Central Asia: Transition-in-process

Senior Underwriter at Zurich
Twenty-five years ago the five nations of Central Asia (CA) – Kazakhstan, Kyrgyzstan, Tajikistan, Turkmenistan and Uzbekistan – emerged from the shadows of Soviet central control to embark on a transitional process expected to result in the development of market-based economies.

Twenty-five years ago the five nations of Central Asia (CA) – Kazakhstan, Kyrgyzstan, Tajikistan, Turkmenistan and Uzbekistan – emerged from the shadows of Soviet central control to embark on a transitional process expected to result in the development of market-based economies. That transition is still a work in progress, which this article describes, highlighting facts and observations that may be of interest to those considering business opportunities in these emerging markets.

The Berne Union in Central Asia

The Berne Union footprint in CA has grown steadily since 2005, with year-end exposures increasing by about 500% over the period 2005-2015, reaching just over $29 billion in 2015. In comparison, regional GDP (nominal) grew by 250% over the same period[1]. So Berne Union activity in the region has grown twice a fast as the region has grown over the last decade. While Kazakhstan accounted for about 62% of total year-end exposure in 2015, BU members have significant exposure in all five CA countries.

Observing Central Asian economic transition: Hindsight is 20/20

It is much easier today, with the benefit of 25 years of experience, along with knowledge of recent external economic shocks (the “new” oil crisis, recession in Russia and the slowdown in China), to understand the challenges of transition for CA countries and identify key success factors for the next 25 years of transition. Under USSR leadership, economies of the Soviet republics were specialised and interconnected within a broader, albeit isolated, economic community that while considered inefficient in some Western eyes, was highly integrated and did not require independent sovereign decision making. Following a few years of initial volatility, low hanging fruit such as previously underutilised natural resources and human capital, as well as a prolonged period of increasing commodity demand and prices, fueled relatively rapid GDP growth in CA, averaging 7.5%[2] over the first 20 years or so of full-on independence. Readily achievable growth in this initial period of transition made it easier to avoid proactively tackling longerrun challenges related to fundamental, structural economic transition through diversification.

Dependence on commodities

CA oil and gas exporters, Kazakhstan, Turkmenistan and Uzbekistan, have been heavily dependent on strong hydrocarbon prices to support their economies. In Kazakhstan, oil and gas directly accounts for 20% of GDP, 50% of fiscal revenues and 60% of exports. In past years the country has run capital account surpluses largely due to favourable oil and gas prices. But breaking even from a capital account and fiscal balance perspective, in 2017 for example, would require an oil price of about $85 per barrel[3]. Turkmenistan and Uzbekistan are less diversified than Kazakhstan so they are more dependent on oil prices. Assuming prices remain lower than in past years, all three of these countries will need to diversify economic activity to continue transitional growth.

Dependence on Russia

CA oil and gas importers, Kyrgyzstan and Tajikistan, depend indirectly on hydrocarbon prices through remittances from domestic human capital employed in Russia and

neighbouring countries that are directly affected by the decline in oil prices and, in the case of Russia, commodity price and sanctions driven recession. Remittances account for 45% of GDP in Tajikistan and 30% in Kyrgyzstan[7]. External shocks affecting Russia and neighbouring CA countries are immediately transmitted to Kyrgyzstan and Tajikistan through declining remittances, which has an offsetting effect on the benefit of cheaper energy supply. Kazakhstan, Turkmenistan and Uzbekistan also rely on remittances, as well as hydrocarbon export earnings from Russia. So when Russia sneezes, CA very quickly catches a cold, and since Russia’s economy is hydrocarbon dependent and affected by sanctions, so are the economies of CA oil and gas importers and exporters.

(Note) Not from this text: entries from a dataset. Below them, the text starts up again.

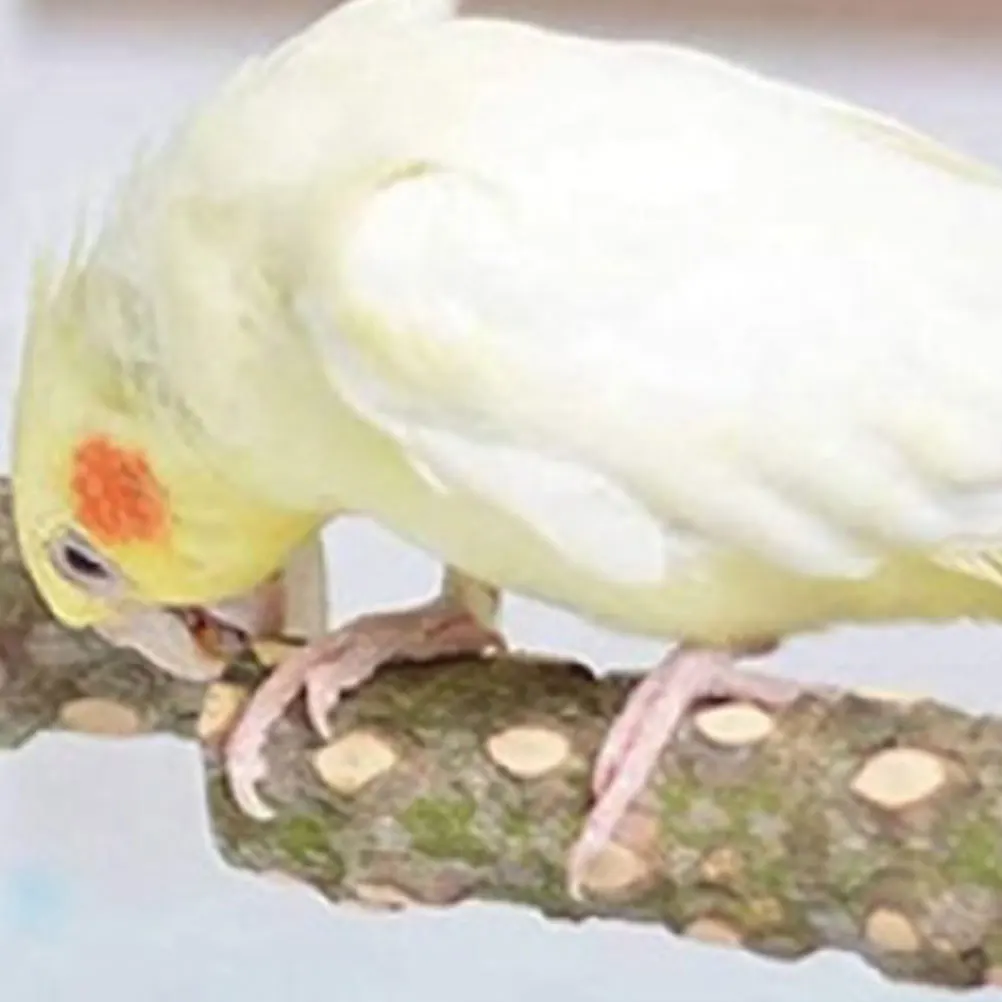 

4pcs Sturdy Parrot Standing Rod Kit Bird Cage Mount Wear Resistant Bite Proof Durable Perch Toy for Large Birdcage Supplies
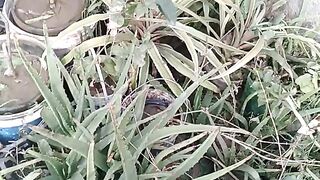 How can we grew plants at home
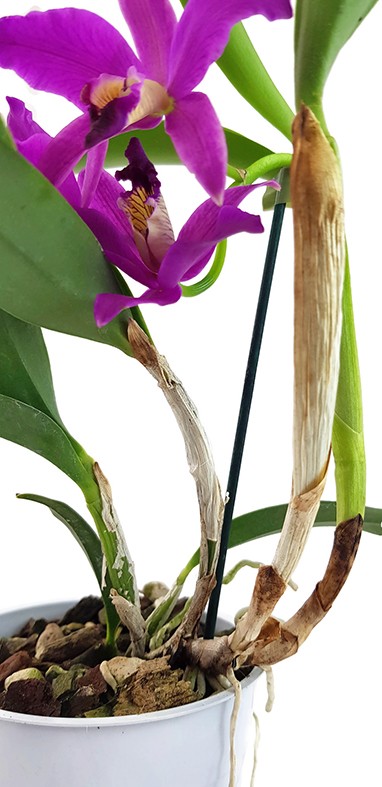 Cattleya Hybride - leuchtend pinke Blüten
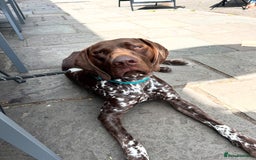 German Shorthaired Pointer dogs for stud: GSP Available for stud - Image 3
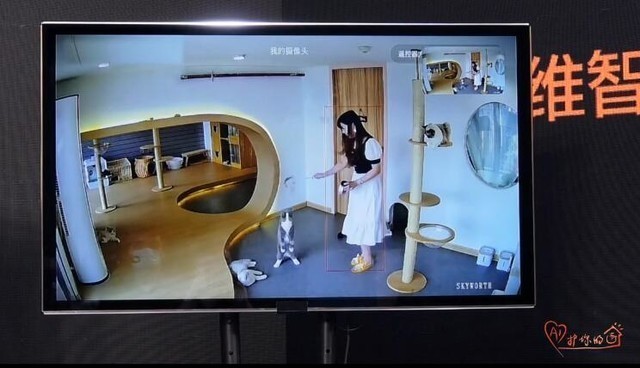 4a7546affe2f4b1bad92732525df52df?from=pc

Renewed CA transition efforts will require diversification away from dependence on Russia as well as oil and gas. Like many countries that have enjoyed years of robust economic growth based upon reliance on high commodity prices, especially in oil and gas markets, without looking ahead to potentially leaner times and the need for developing a broader economic base, CA countries now face the challenge of simultaneously dealing with the immediate effects of external economic shocks, diversifying to reduce disproportionate dependence on commodities and other countries, as well as continued transition with the benefit of hindsight.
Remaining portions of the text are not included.